= John Brine =

English Baptist minister (1703–1765)

John Brine (1703–1765) was an English Particular Baptist minister.

==Life==
Born in Kettering, Northamptonshire, Brine was called into the ministry by the church at Kettering and after occasional preaching there for some time, he received a call to become pastor at a Particular Baptist church at Coventry.

In 1730, he received a call to succeed William Morton, as pastor of the Baptist congregation at Curriers' Hall, Cripplegate, in London. His ministry continued there for the next thirty-five years during which time he took a principal lead in all the public activities and dialogue that concerned the Particular Baptist denomination. He died on 21 February 1765 and he was buried in Bunhill Fields cemetery. Although he left orders that no special funeral sermon should be preached for him, his friend, Dr John Gill did take that occasion to preach a sermon to his own congregation from 1 Corinthians 15:10 - By the grace of God I am what I am.

==Works==

They include:

- The Christian Religion not destitute of Arguments, &c. … in answer to "Christianity not founded on Argument," 1743.
- The Certain Efficacy of the Death of Christ asserted, 1743.
- A Vindication of Natural and Revealed Religion, in answer to Mr. James Foster, 1746. Attacks James Foster.
- A Treatise on various subjects: controversial tracts against Bragge, Johnson, Tindal, Jackson, Eltringham, and others (in 2 vols.), 1750, 1756, 1766. Against Robert Bragge, John Johnson, William Eltringham, and others. A popular work, it was edited by James Upton in 1813, with some of Brine's sermons added, and a life of the author prefixed (from Walter Wilson).
- Discourses at a Monthly Exercise of Prayer, at Wednesday and Lord's Day Evening Lectures, and Miscellaneous Discourses (2 vols.);
- Funeral and Ordination Sermons and Choice Experience of Mrs.
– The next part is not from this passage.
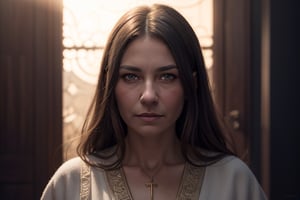 (Margav1-01V1) as a priestess, (mature woman:1.3),(digital art:1.4), (Paul Barson:1.4), (looking at viewer:1.3), illustration, fantasy style, white robes, god rays, intricate, elegant, seductive, realistic, hyperrealistic, cinematic, character design, concept art, highly detailed, digital painting, depth of field,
Anne Brine, with Dr. Gill's Sermon at her Funeral, 1750. Collected together, his pamphlets fill eight volumes octavo.
- Imputation of Christ's Active Obedience to his People, and the Merit of it Demonstrated, in a Sermon, Preached to the Society, who Support the ... 27 December 1758

A complete catalogue of Brine's separate publications is given by Walter Wilson in his Dissenting Churches.